Steam Ejector Air Conditioning
Photo by Robert Hale, 12/1/51 at Frost. From Santa Fe in the Mountains.
Santa Fe's first air conditioned car was diner 1418 built by Pullman in 1930. Due to its success, Santa Fe began a program of air conditioning its cars beginning with diners and lounges until much of its fleet was so equipped.
A variety of air conditioning systems were used by American railroads, and Santa Fe settled on steam ejector air conditioning for the majority of its cars. As a result the roofs have some unique hatches (often erroneously called "ice hatches"). The system has also been erroneously called "steam injector." There are six very visible items which air conditioned heavyweights should have:
1. A/C ducts: these were added to one or both sides of the clearstory to allow air movement from the cooling unit to ducts throughout the car. The placement and length depends on the specific car configuration.
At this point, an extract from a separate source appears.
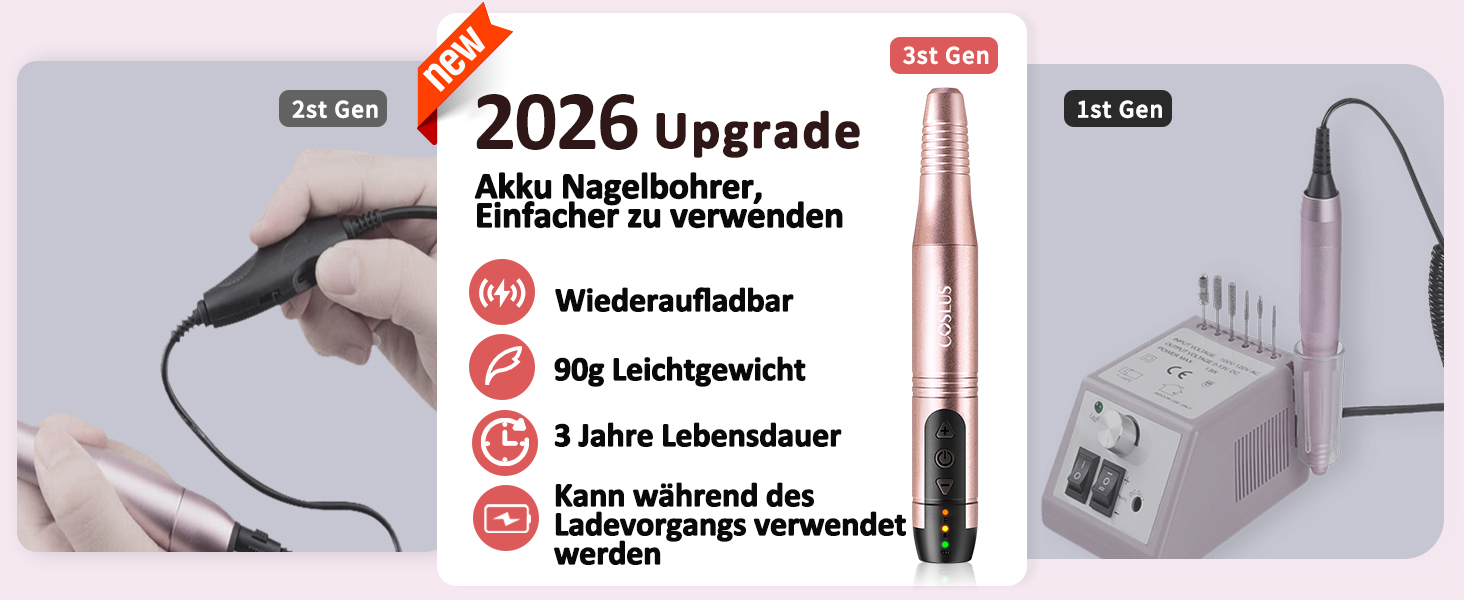 COSLUS Бездротовий портативний фрезер для нігтів 11 в 1: манікюр та педикюр, фрезер для гелю та акрилу, рожеве золото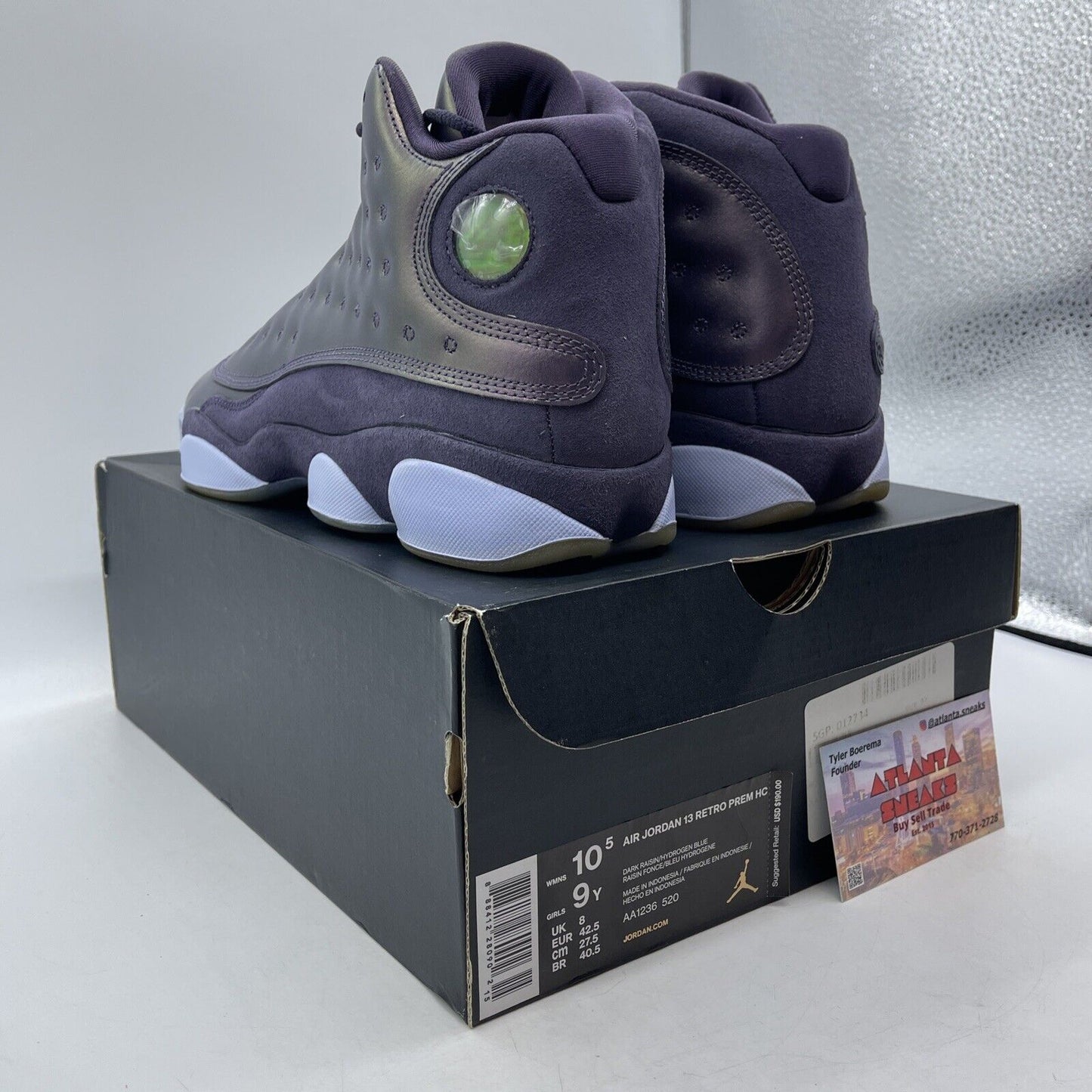 Size 9Y - Jordan 13 Retro Premium HC Mid Dark Raisin Purple Suede (AA1236-520)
2. Refrigeration Unit roof hatch (larger): usually placed at one end of the car with the shutters on the air duct side (see air duct below).
3. A/C Unit roof hatch (smaller): Either in the center of the roof or on the same end as the refrigeration unit.
Roof hatches, San Bartolo (ex. 1363) Age of Steam, Dallas, Jay Miller photo,.
4. Air vent: protrudes from the side of the clerestory beside the a/c unit roof hatch and opposite the a/c duct..
Air vent, 3231, Age of Steam, Dallas, Sandifer photo.
5. Condenser Water Pump and Valve Box.
Condenser water pump and valve box on 1363, Age of Steam, Dallas, Sandifer photo
Condenser water pump 3010, Orange Empire, Perris, CA, Sandifer photo
6. Valve Closet
Valve closet, 1509, San Diego RR Museum, and 1363, Age of Steam, Dallas,Sandifer photo.
7. Generators: These could have been body mounted or truck mounted, depending on the car. Air conditioned cars also had two generators, one on each truck, to power the units. Non-air conditioned cars had one generator.
Generator 3010, Orange Empire Museum, Perris, CA, Sandifer photo
Jay H. Miller had a good article in the 1st Quarter 1987 Santa
Fe Modeler on SE Air Conditioning. His article includes photos of two cars at the Age of Steam in Dallas.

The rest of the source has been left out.